PROGRAME-SE: Quais as principais dificuldades na escolha dos temas das novelas?

 

THELMA GUEDES: Eu acho que o problema não é o tema. É de como o problema chega nas pessoas. Como você coloca esse tema. Eu acho que sempre quando você coloca com muita verdade, muita humanidade, ele é compreendido. Não tem, não tem muito jeito. Vou dar um exemplo, não gosto de ficar citando, porque eu cito um e não cito outro, mas eu vou citar, porque para mim é muito exemplar disso. A novela do Walcyr [Amor à Vida], a questão do beijo gay, que todo mundo no final tinha torcida, inclusive as pessoas mais conservadoras numa torcida para que o beijo gay acontecesse. E que na verdade, o grande lance não foi o beijo gay, o grande lance foi a cena seguinte, que foi a cena final em que o pai aceitava o filho. Primeiro, o beijo foi feito de maneira muito bonita, corriqueira, doce. Um casal que se dá um beijo pra sair, como eu dou no meu marido. A gente não sai dando beijos. Beijinho. E você sela ali uma relação de intimidade, de cumplicidade, de amizade que o casamento é, que o amor é. O grande lance mesmo é a questão humana, a questão da homossexualidade que se coloca hoje é a questão da humanidade. São seres humanos que se gostam, e tem o direito de se relacionar da maneira que quiserem. Se é aprovado pelos dois, se os dois se amam, o que está em pauta não é a homossexualidade. É o amor. Então, eu acho que quando se coloca isso, com esse peso da humanidade, você dissolve toda a reação contrária. Mas quando você coloca isso de uma maneira pesada e de uma maneira impositiva, aí difícil para a aceitação. Isso é só um exemplo, tem muitas outras questões. A gente tem que se preocupar de falar com amor, ter um pouco de amor pelos telespectador. Ele percebe, ele sente. Quando ele é tratado de uma maneira, se não com amor, mas com respeito. É alguém que eu quero que leia a minha carta. Pra que que eu vou escrever e colocar na televisão se eu não quero que gostem do que eu faço, né? Eu não quero impor que gostem de mim. Eu quero que gostem pela empatia que tem em relação ao meu trabalho.

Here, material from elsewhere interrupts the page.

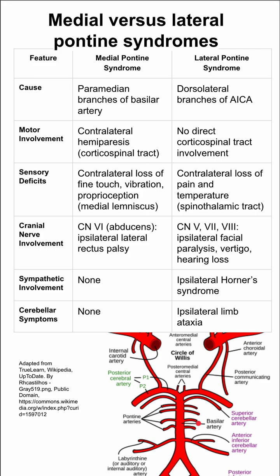On the other hand, the lateral pontine syndrome comes from the dorsolateral branches of the AICA, which is the anterior inferior cerebellar artery shown here. So this would be damaging to the lateral pons, whereas the other would be damaging to the medial pons.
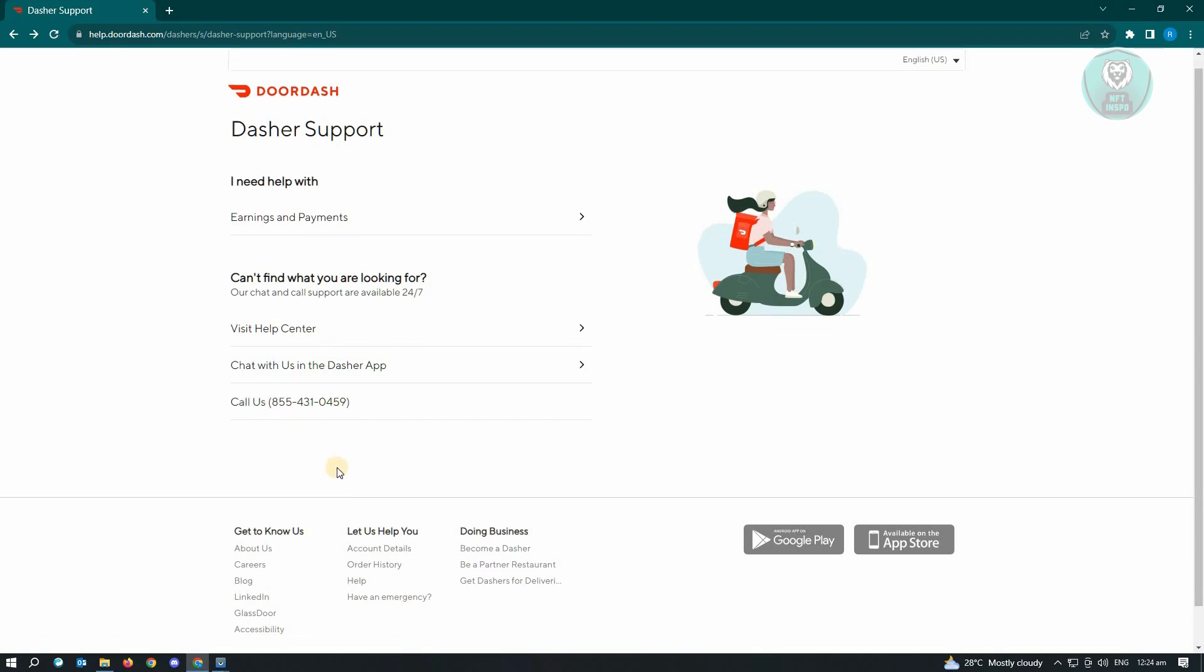So if you need further details about this, you could go to help.doordash.com and see any details that you want to visit. Or if you want to see this for yourself, you could go ahead.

PROGRAME-SE: O consumo de séries está alterando o modo de o público consumir TV?

 

THELMA GUEDES: Na hora da criação, tenho que me sentir livre pra criar, acreditar, confiar na minha intuição, na minha comunicação mais direta e menos estatística com as pessoas. Claro que as pessoas estão consumindo um produto novo, nem tão novo assim, mas que vem ganhando força. Eu achei que depois de Dexter, o que vem? Aí vem outra mais bacana. Eu falo “Puxa! Mas os caras conseguem, né?”. E com um leque diferente. Game of Thrones, House of Cards, só pra dizer umas que foram, que eu me viciei nelas. Então, evidente que a gente tá disputando com esse leque. Agora, não sei também que camada, se é todo mundo. Uma coisa eu sei: quando a novela é muito boa ela vai ao ar e a pessoa para de assistir o Dexter e vai ver a novela. Então, assim, eu acredito muito que, pode ser que mude, que vá acontecer essa mudança, que as pessoas deixem de assistir novela no futuro, mas no presente, o que eu percebo é que uma boa novela junta as pessoas, faz todo mundo falar. O último grande que a gente viu, o boom, foi Avenida Brasil. E modéstia parte, Cordel Encantado, que é uma novela das seis que foi um momento feliz. A gente percebia que o jovem assistia. Os homens assistiam. Até por causa do cangaço, de uma coisa meio do nosso faroeste. Quando tem uma novela muito boa, tem um personagem que faz um sucesso. O comendador, por exemplo [da novela Império]. Todo mundo EStá falando até hoje [2015] do comendador. Então, eu acho assim, que as pessoas assistem, a coisa repercute, aí todo mundo para de dizer que a novela vai acabar. Eu lembro que em mil novecentos e setenta e pouco, outro dia eu achei um artigo dessa... não sei aonde, fuçando na internet, em que as pessoas estavam discutindo o fim da telenovela. Quer dizer, num momento que era o auge, que ainda estavam construindo esse império da novela, havia alguém falando do fim. Mas a gente sabe que o público brasileiro ainda é noveleiro. Pode ser até menos um pouco, mas essa transição vai demorar muito. Ou, e possivelmente seja isso que vai acontecer, vai mudar o jeito de se ver novela. Eu torço pra que a novela brasileira tenha bastante fôlego, porque gosto muito de seriado, mas eu acho que é muito importante que a gente tenha um produto nosso. E o nosso seriado, por mais bacana que seja, né? Assisti recentemente “Amores Roubados” “Dupla Identidade”. Outro exemplo de sucesso de novela é “Verdades Secretas”! As pessoas estão assistindo naquele horário, a audiência é grande porque o produto é bom, é interessante, é instigante.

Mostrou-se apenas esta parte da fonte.